[[ Stored data, beginning ]]
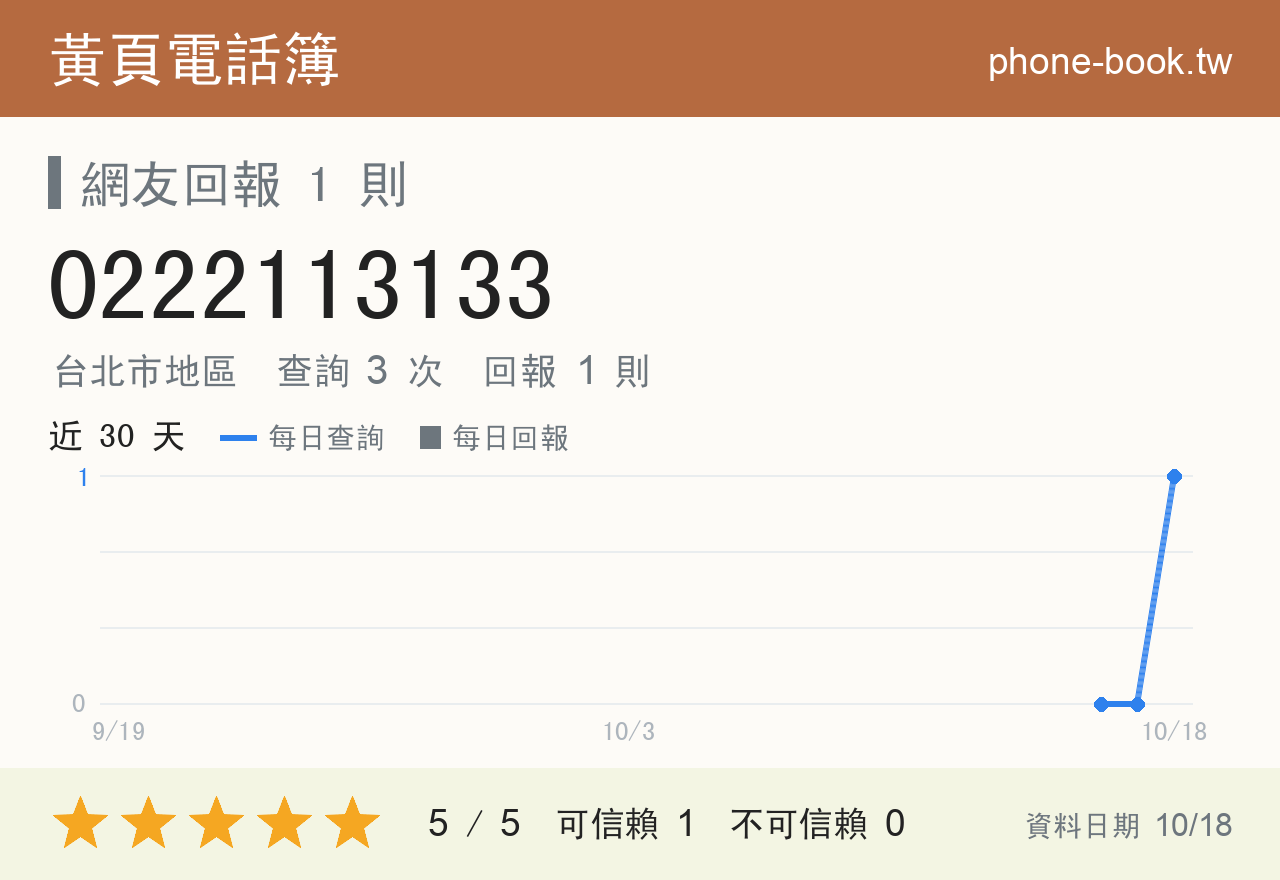 0222113133 評分卡：查詢 3 次、網友回報 1 則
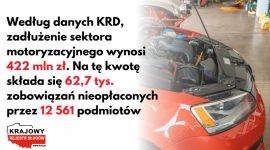 Polski rynek motoryzacyjny – najmniejsi z największymi problemami Biuro prasowe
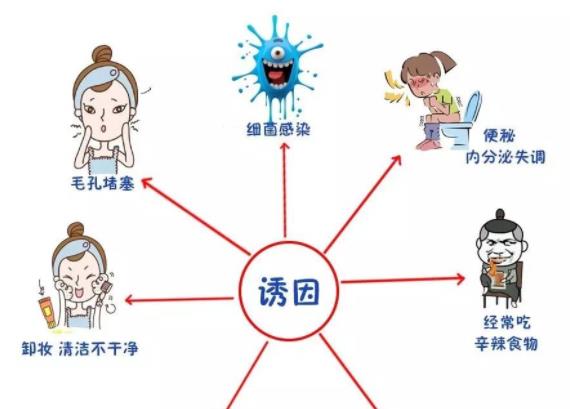 女性內(nèi)分泌失調(diào)會怎么樣 肌膚惡化脾氣差婦科疾病不孕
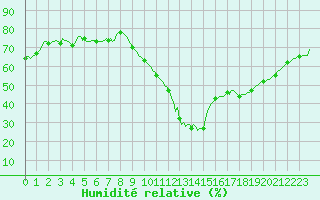 Courbe de l'humidit relative pour Castellbell i el Vilar (Esp)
[[ Stored data, end ]]
* [Work to be completed]: Omitting all pictures, retype exactly the lines from the line containing "女性內(nèi)分泌失調(diào)會怎么樣 肌膚惡化脾氣差婦科疾病不孕" down to the last line above, both ends included.

* [Answer section]:
 女性內(nèi)分泌失調(diào)會怎么樣 肌膚惡化脾氣差婦科疾病不孕
 Courbe de l'humidit relative pour Castellbell i el Vilar (Esp)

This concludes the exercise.